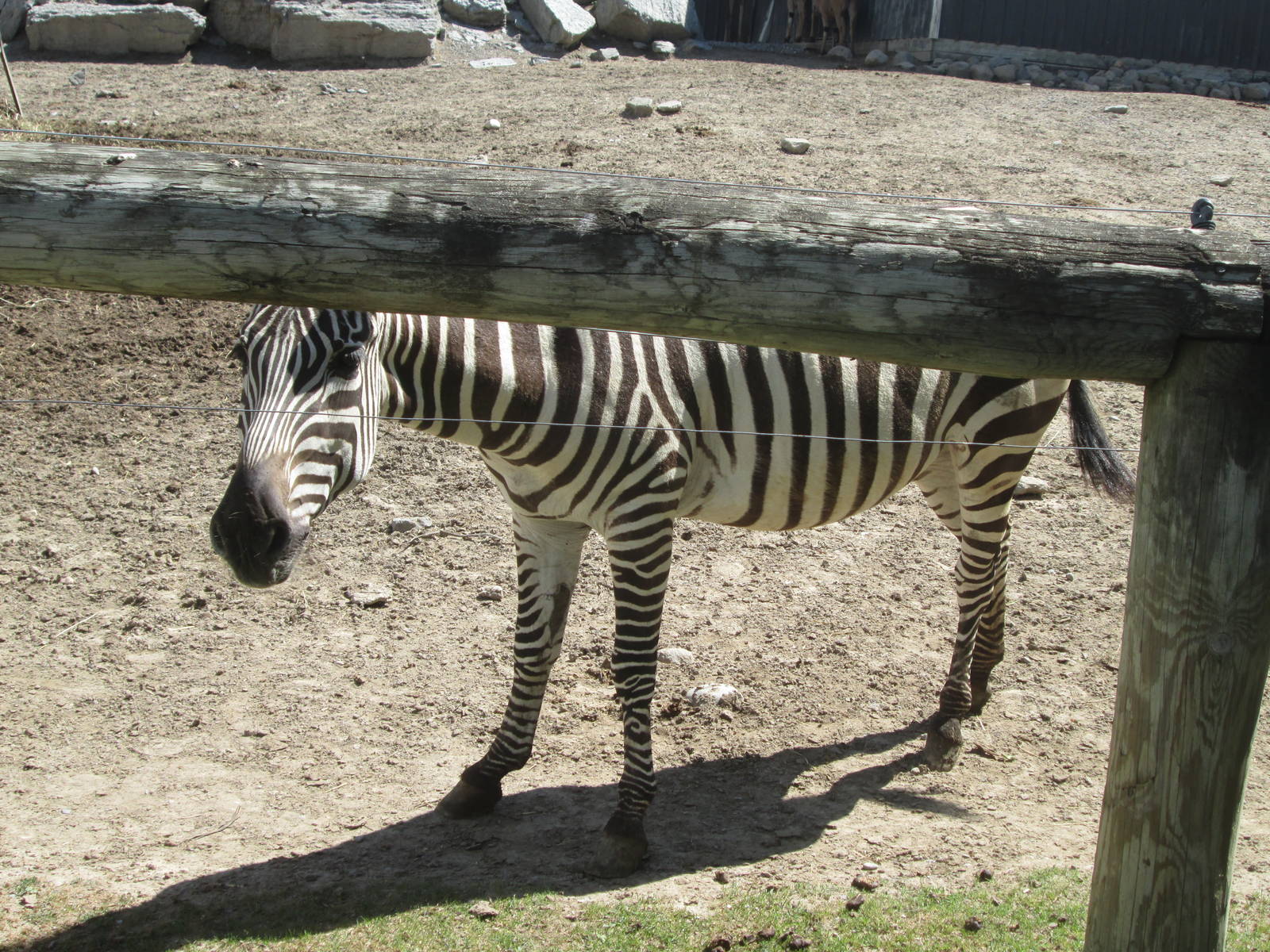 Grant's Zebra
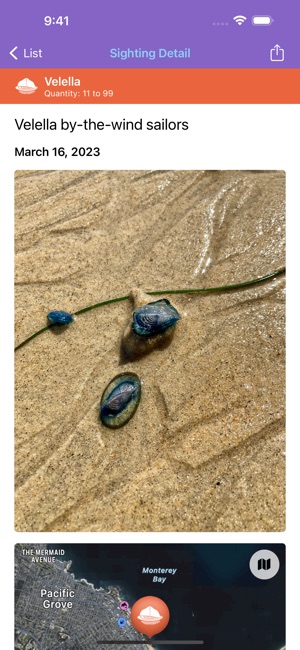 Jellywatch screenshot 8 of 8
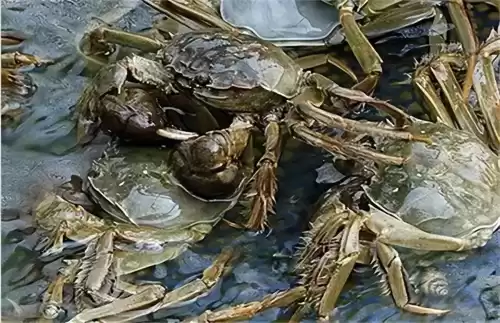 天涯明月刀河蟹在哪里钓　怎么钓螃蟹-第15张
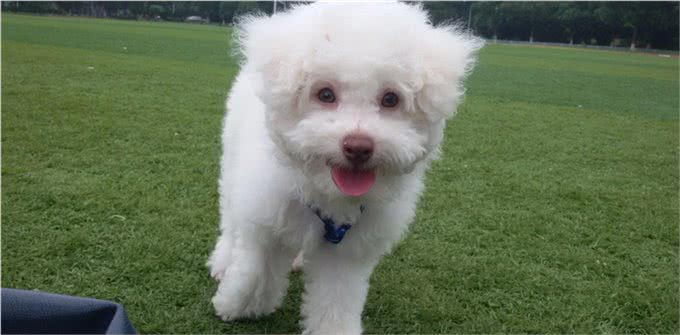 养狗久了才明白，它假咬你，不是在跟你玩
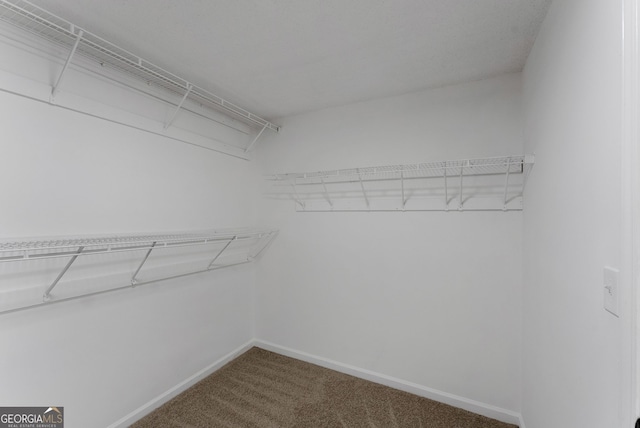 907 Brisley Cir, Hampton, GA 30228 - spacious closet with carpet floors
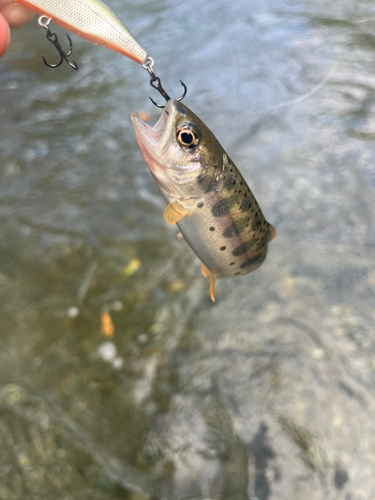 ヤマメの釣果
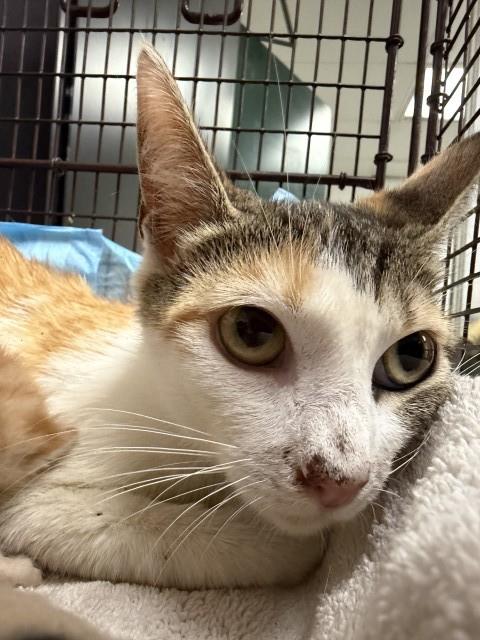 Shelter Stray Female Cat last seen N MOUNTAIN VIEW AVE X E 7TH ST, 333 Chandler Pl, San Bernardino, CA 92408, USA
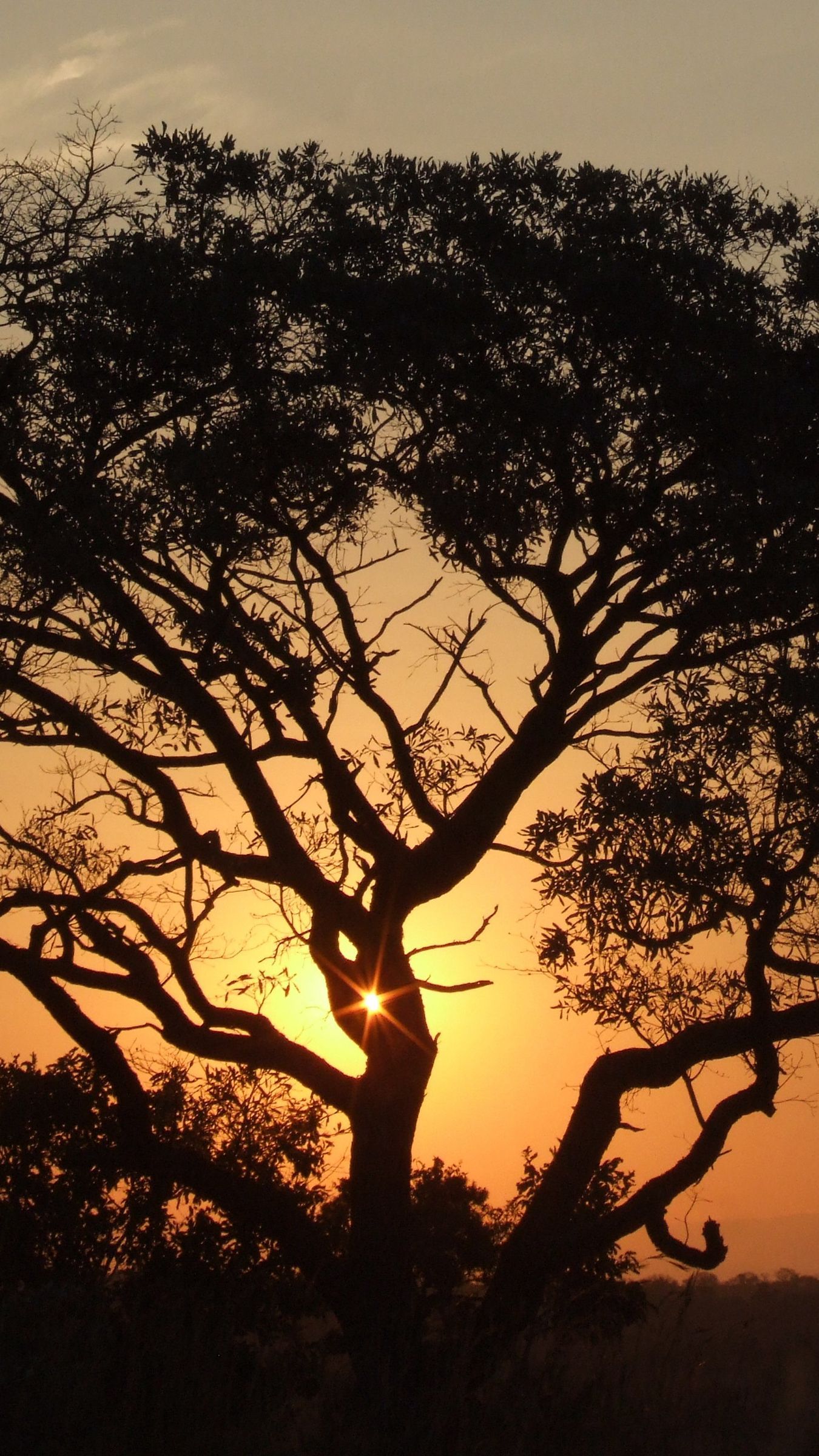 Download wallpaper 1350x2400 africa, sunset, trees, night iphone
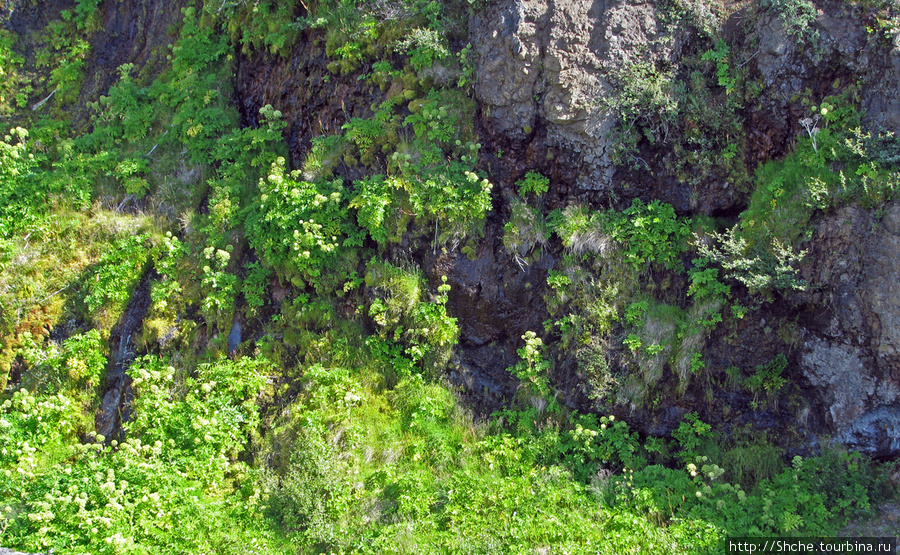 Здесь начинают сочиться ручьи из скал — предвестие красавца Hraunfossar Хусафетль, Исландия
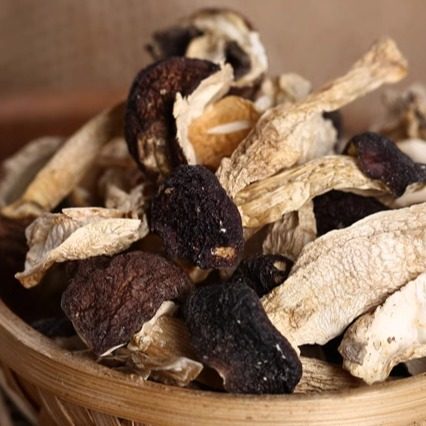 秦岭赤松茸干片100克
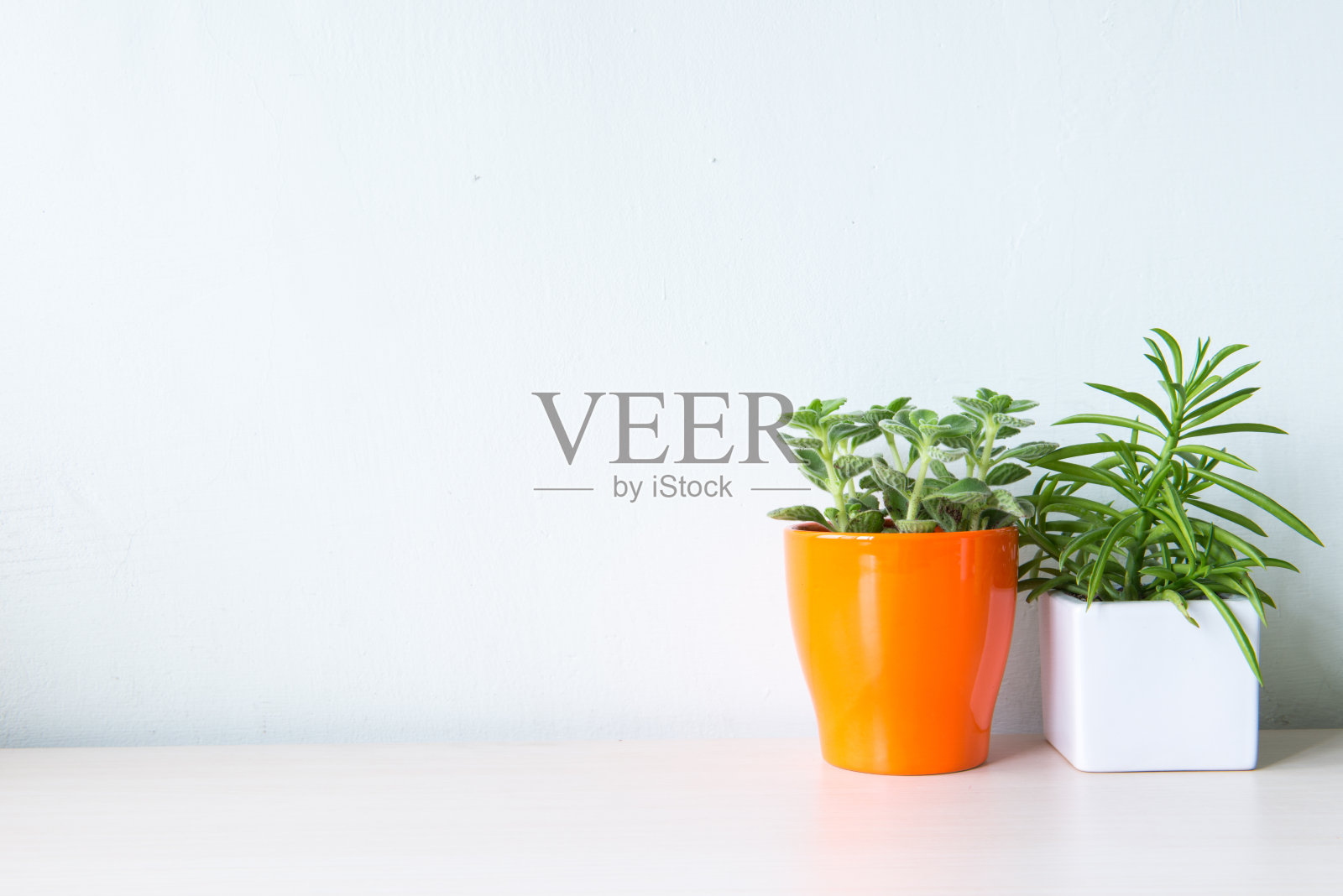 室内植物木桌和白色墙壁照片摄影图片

- **Task requirements**:
Pictures are not part of the copy. Return every record exactly.

- **Result of the exercise**:
 Grant's Zebra
 Jellywatch screenshot 8 of 8
 天涯明月刀河蟹在哪里钓　怎么钓螃蟹-第15张
 养狗久了才明白，它假咬你，不是在跟你玩
 907 Brisley Cir, Hampton, GA 30228 - spacious closet with carpet floors
 ヤマメの釣果
 Shelter Stray Female Cat last seen N MOUNTAIN VIEW AVE X E 7TH ST, 333 Chandler Pl, San Bernardino, CA 92408, USA
 Download wallpaper 1350x2400 africa, sunset, trees, night iphone
 Здесь начинают сочиться ручьи из скал — предвестие красавца Hraunfossar Хусафетль, Исландия
 秦岭赤松茸干片100克
 室内植物木桌和白色墙壁照片摄影图片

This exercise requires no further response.